──────── EXERCISE MATERIAL

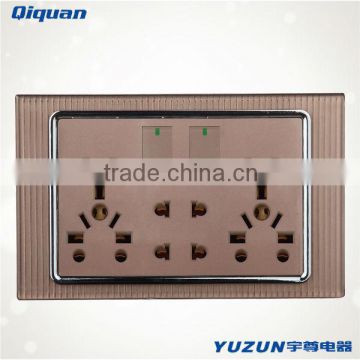 Double universal socket with switch transparent switch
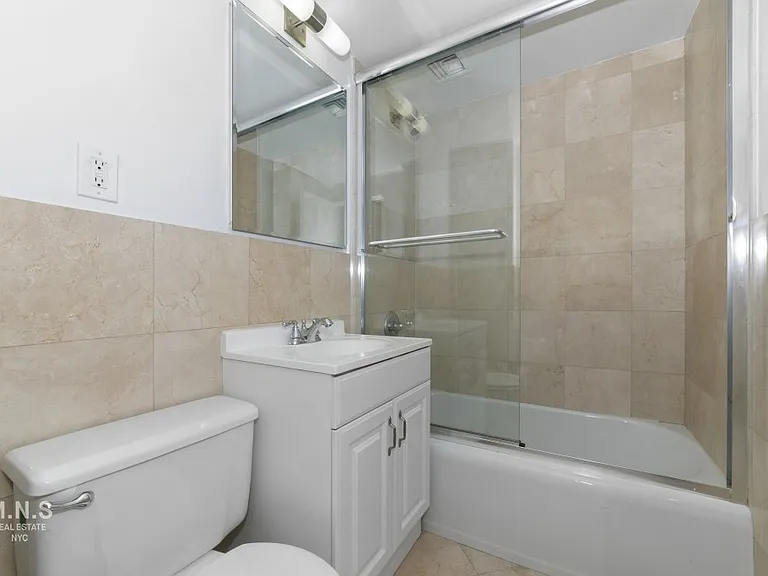 210 E 58th St #10A — Photo 4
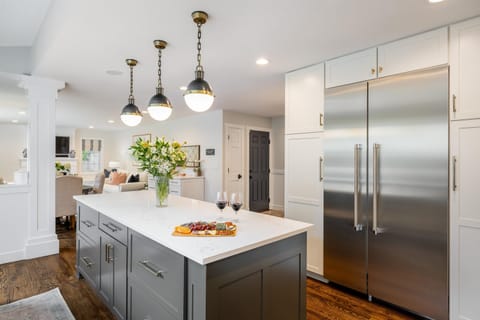 Fully-equipped kitchen with island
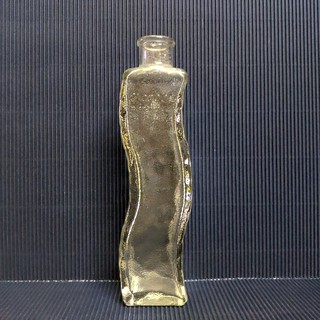 [ 小店 ] 擺飾品 曲線花瓶 高約:22公分 材質:玻璃 無外盒 T3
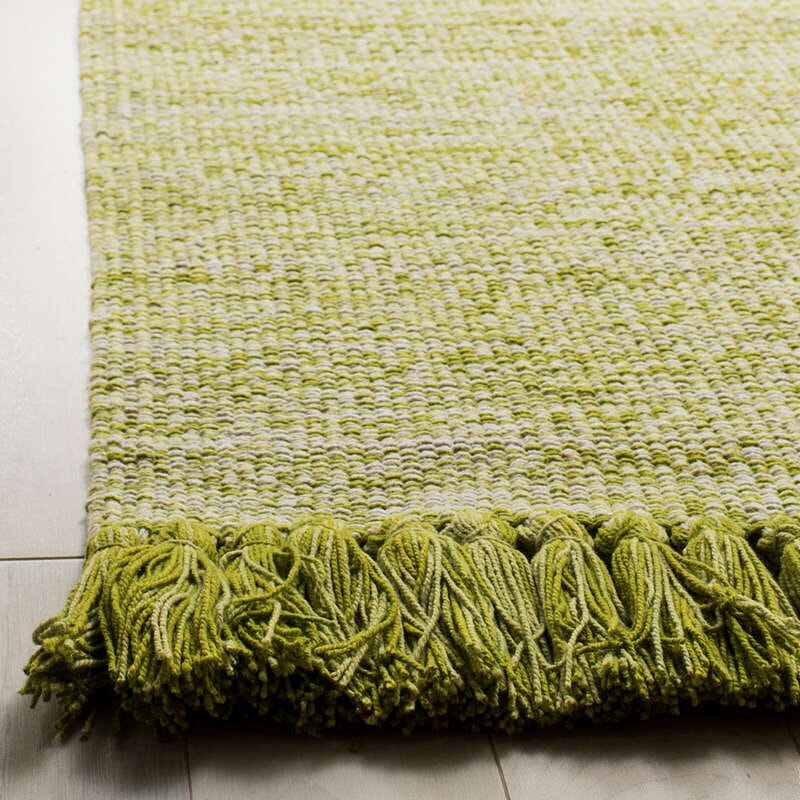 Safavieh Montauk Mtk610G Olive / Green Area Rug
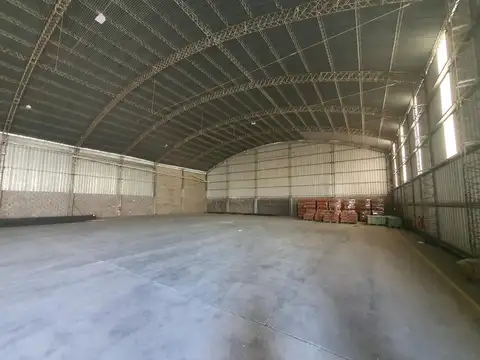 Galpon en Alquiler en Saavedra  - Zarate, USD 6.200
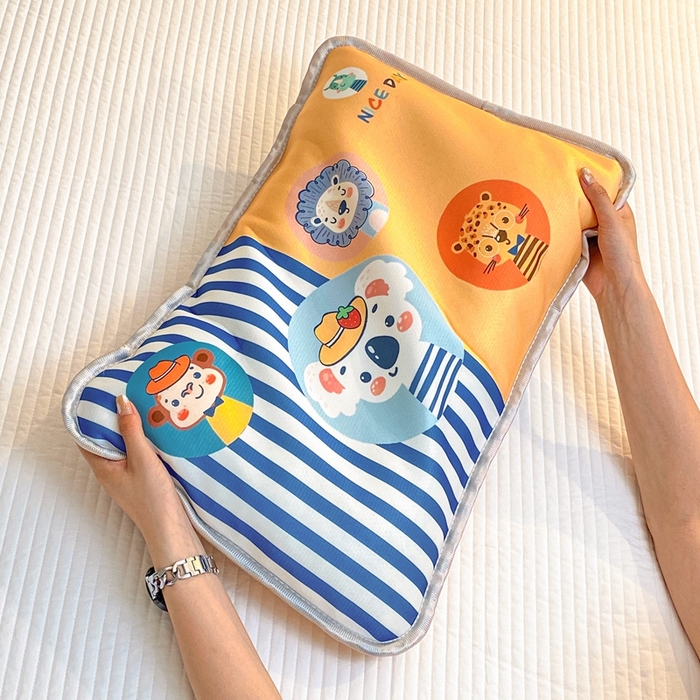 91家纺网 家纺一手货源 找家纺 大黄蜂家居家纺 2025新款冰丝提花三明治夹层透气枕套 马戏团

────────────────

Only the lines from the one that holds "Galpon en Alquiler" through the end of the records above should be printed again, exactly as they are. Leave out the pictures.

RESPONSE TO THIS TASK >>
 Galpon en Alquiler en Saavedra  - Zarate, USD 6.200
 91家纺网 家纺一手货源 找家纺 大黄蜂家居家纺 2025新款冰丝提花三明治夹层透气枕套 马戏团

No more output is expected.